Abstract

Background: Nonalcoholic steatohepatitis (NASH) is a progressive disease characterized by liver inflammation. Emerging evidence implicates T cells in the disease pathogenesis. Our unpublished data show that CD4 T cells contribute to NASH development; however, hepatic CD4 T cell phenotypes and functions in NASH have not yet been systematically examined.

Methods: C57BL/6J mice were fed with a chow or NASH-inducing diet high in fat, fructose, and cholesterol (FFC) for 24 weeks. Purified intrahepatic CD4 T cells were characterized by the cellular indexing of transcriptomes and epitopes by sequencing (CITE-seq, which combines scRNA-seq with analysis of cell surface proteins), immunophenotyping by mass cytometry (CyTOF), NanoString targeted mRNA analysis (nCounter), and analyses of effector cytokines using flow cytometry following ex vivo stimulation (anti-CD3/CD28 with or without PMA/Ionomycin).

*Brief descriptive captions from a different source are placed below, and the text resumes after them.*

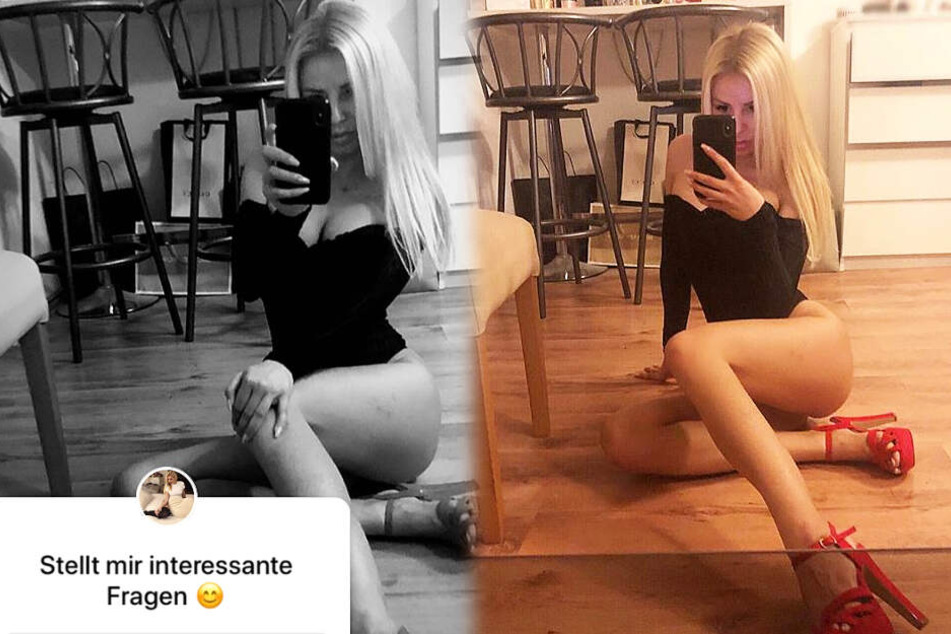 Die Montage zeigt zwei Screenshots aus dem Instagram-Profil von Sabrina alias "Sabi".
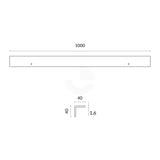 Corner Guards - 40x40mm 1 Metre Long - Stainless Steel 304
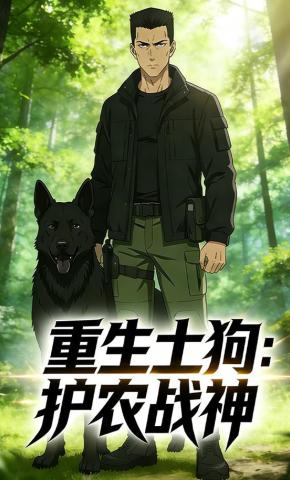 短剧《重生土狗：护农战神》海报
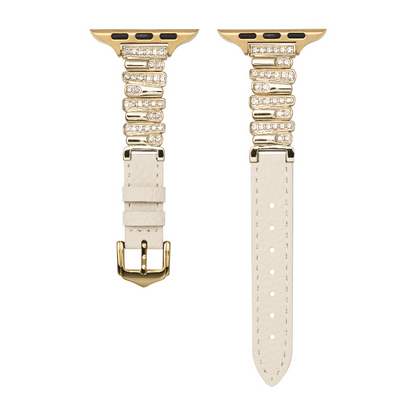 Soleria™ Crystal Link Leather Band
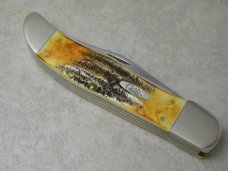 Case XX USA 2018 Bone Stag 6.5265 Folding Hunter Knife w/Leather Pouch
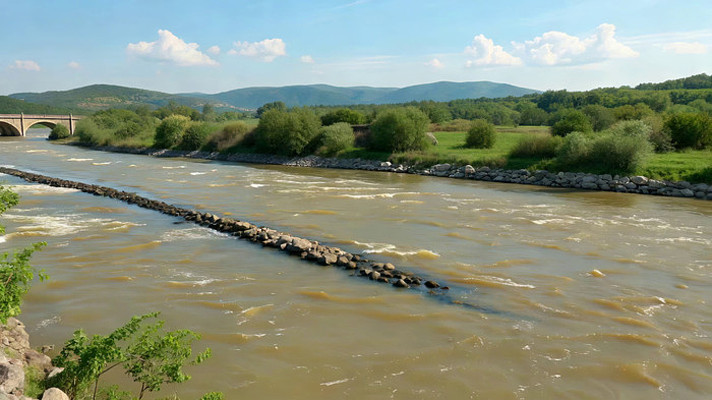 河流桥梁自然风光素材 河流桥梁自然风光素材
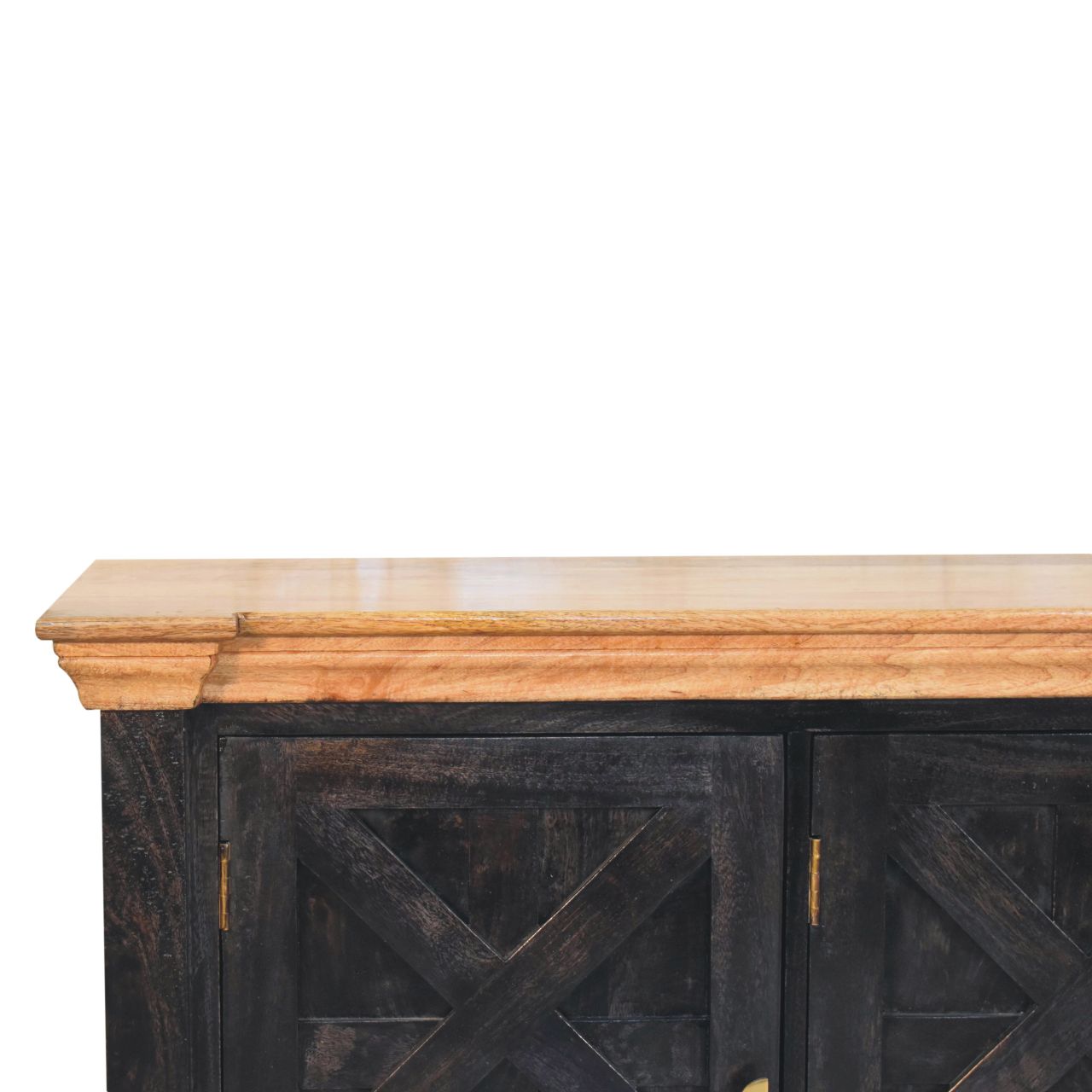 Regal Ash Black Rustic Sideboard Chest of Drawers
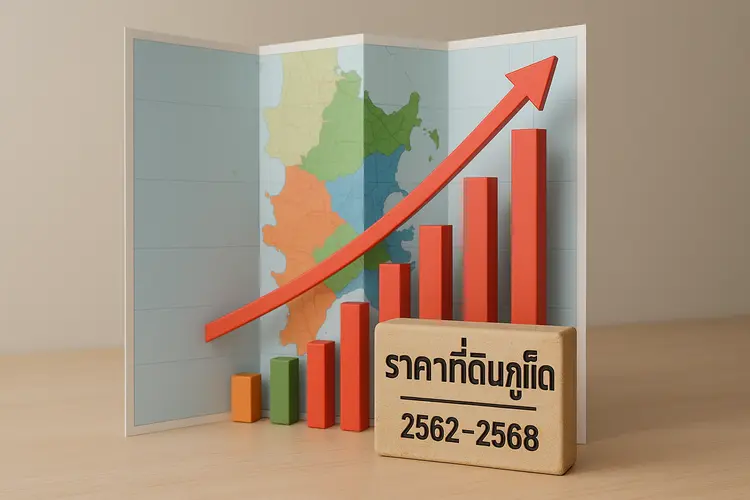 ราคาที่ดินภูเก็ต อัปเดต 2568: โซนไหนน่าลงทุนที่สุด (เทียบปี 2562)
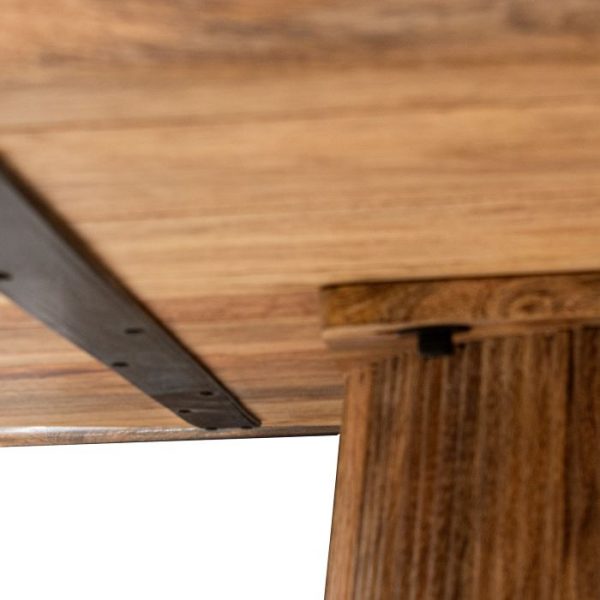MESA COMEDOR MADERA MANGO REDONDA +92332 120X76CM - Imagen 6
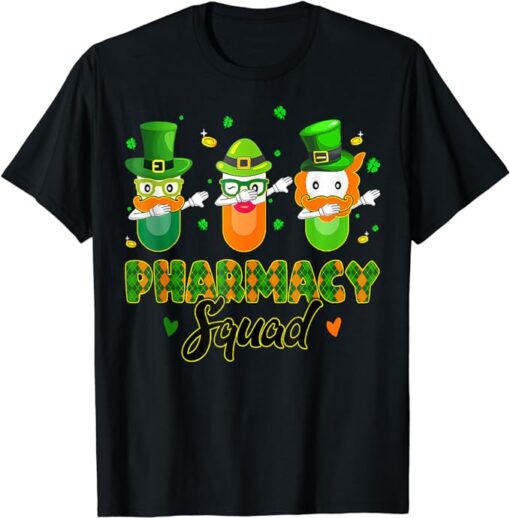 Funny Pharmacy Squad Leprechaun Pharmacist St Patrick Day T-Shirt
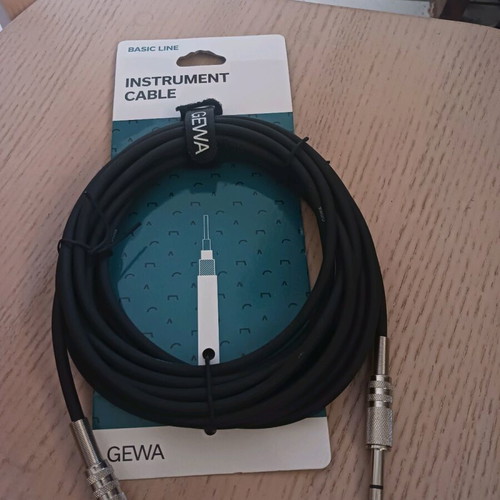 Instrument cable Gewa 3m new
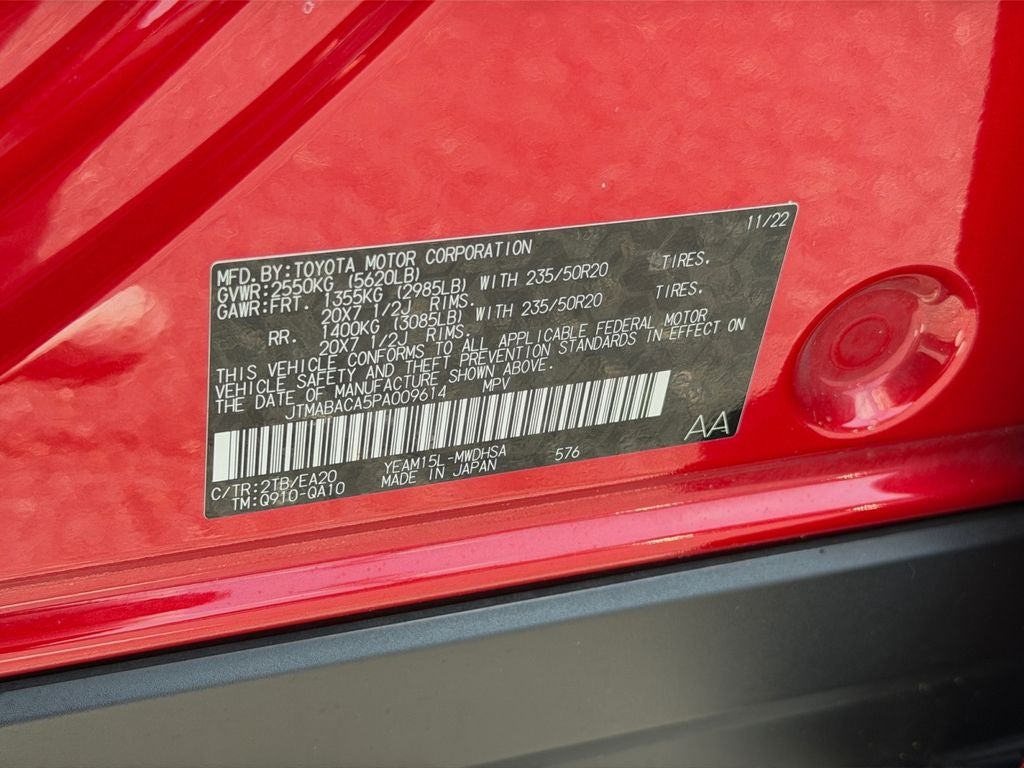 2023 Toyota bZ4X Limited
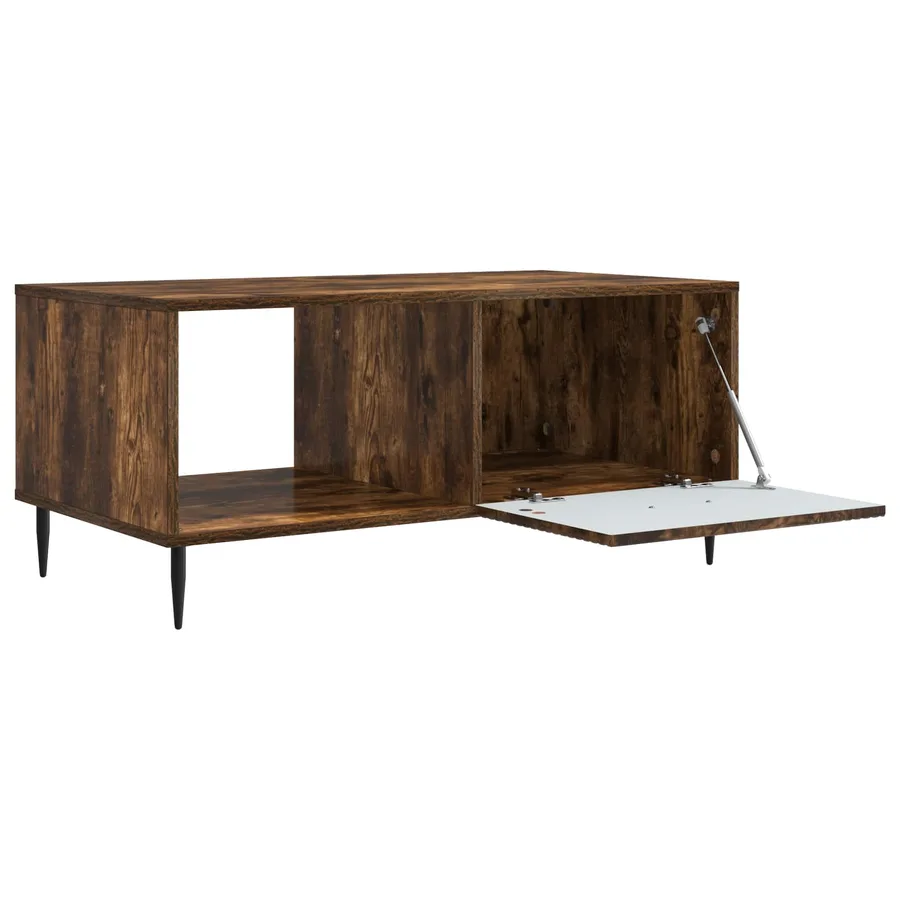 Table basse Chêne fumé 90 x 50 x 40 cm Bois d'ingénierie - 4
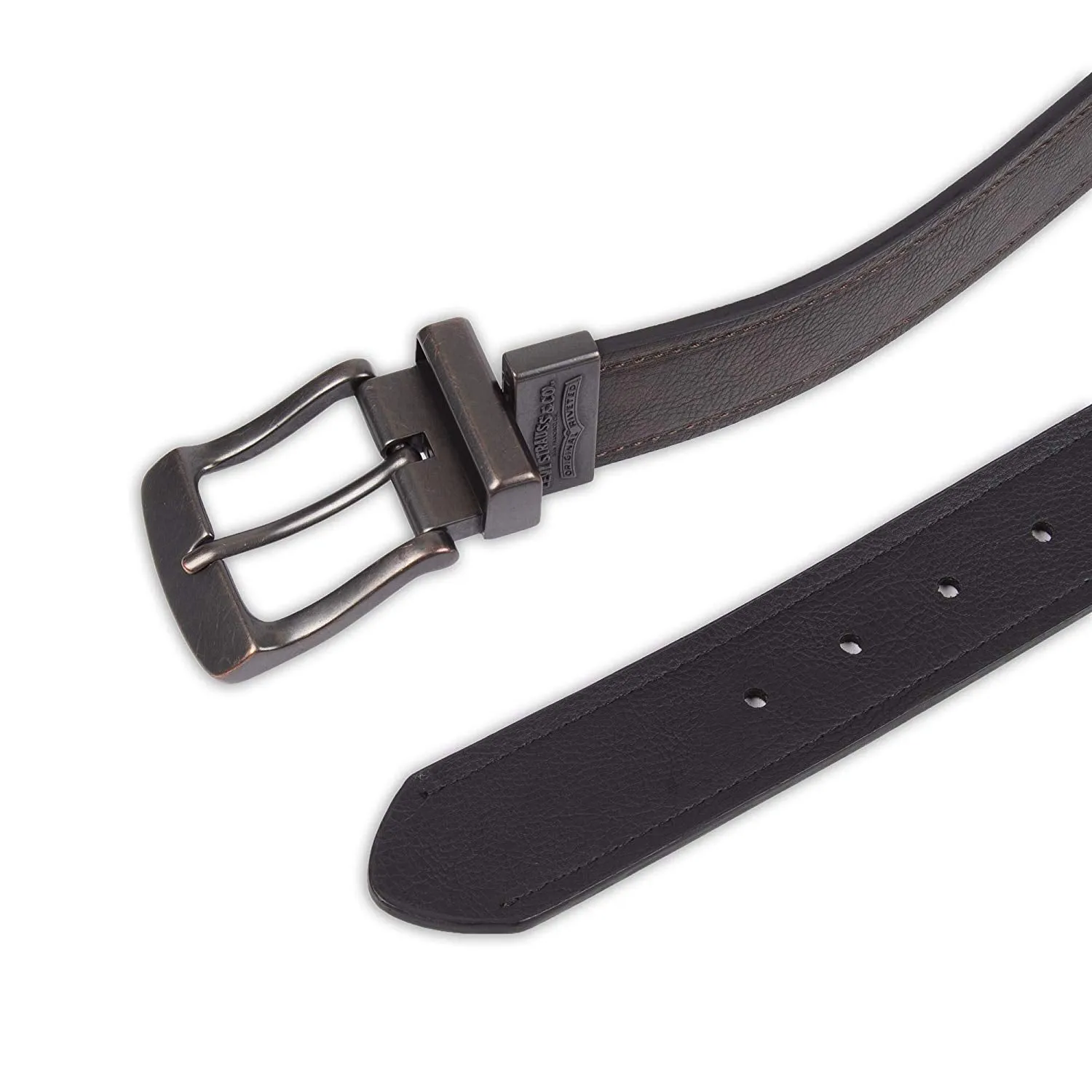 Levi's Men's Putnam Reversible Belt,Black/Brown,32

Results: To better understand the role of CD4 T cell subsets in murine NASH, we leveraged two complementary approaches: an unbiased approach by CITE-seq and CyTOF with 44 well-established T cell markers. These two single-cell analyses revealed that hepatic CD4 T cells from chow and FFC diet-fed mice are highly heterogeneous as they separated into 15 and 18 unique clusters by CITE-seq and CyTOF, respectively. Livers from chow-fed mice had a distinct population of naïve T cells, while NASH livers were significantly enriched in T-bet⁺ cells in various stages of activation, suggesting enrichment of Th1 cells. Interestingly, NASH livers were also enriched in Foxp3⁺ cells as well as regulatory T cells (defined as Foxp3⁺ CD25⁺). To compensate for the depth of sequencing in CITE-seq, we profiled mRNA expression of select 750 immune-related genes in hepatic CD4 T using NanoString technology. A total of 207 genes were differentially expressed between chow liver and NASH-derived CD4 T cells. Top upregulated genes in NASH CD4 T cells included Ifng, Havcr2 (Tim3), and Pard3, confirming the enrichment of Th1 cells in NASH livers. To further validate the Th1 effector phenotype in NASH, hepatic CD4 T cells from chow and FFC-fed mice were re-stimulated ex vivo. Upon stimulation, NASH-derived CD4 T showed markedly increased expression of IFNγ, with minimal changes in IL17a, compared to chow liver CD4 T cells. Also, frequencies of TNFα⁺ IFNγ⁺ cells were significantly increased in NASH-derived CD4 T cells.

Conclusion: These results indicate that IFNγ- and TNFα-producing Th1 cells are enriched in diet-induced murine NASH, likely promoting NASH pathogenesis.